After yesterday’s delightful amble with my grandchildren, my wander out on the moss today was possibly to be a bit ordinary and it certainly seemed that way as I left the house to a grey, flat-looking day.
Then, upon on a newly sown potato field, I noted several lapwing, two of which were not quite fully grown. Now, there was a bright spot on this day, for once more our moss has hosted renewal for this declining species of birds.
Then road-runner-like a lone grey partridge ran down the track to Little Woolden Moss, before it took flight into a nearby crop. That put a smile on the day.

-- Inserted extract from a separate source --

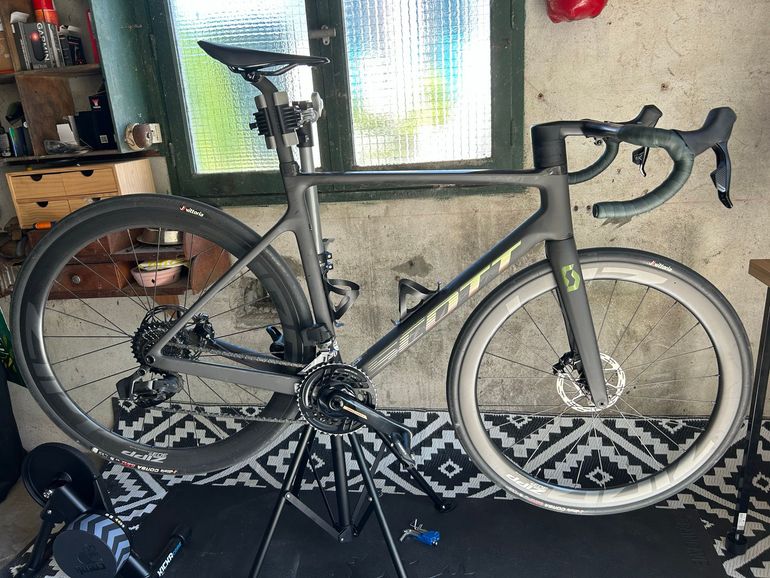 Used Scott Addict RC 30 2024 2024 Road & Gravel, Black — image 3 of 3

Curlew grabbed the sky and broadcast their bubbling song, as meadow pipit and skylark celebrated the presence of newly created habitat upon which they could rear their young. This ordinary was becoming elevated into red letter status. How could it not? It is June, it is our moss, it’s bound to give a wild highlight or two.
I suppose as I retreated from this wild area in order to take a group round Woolston Eyes, I should have expected the moss might try and anchor me in its presence. The cuckoo was assigned to this task. This now uncommon mosslands summer visitor On cue it issued its mermaid-like song and tried to scupper my sailing away from my own doorstep.
I escaped, reluctantly, Woolston was a delight. A wild day celebrated fully, the highlights being great crested grebe on their floating platform nest and the newly hatched black necked grebe being tenderly fed and cared for by their parents. Wild indeed.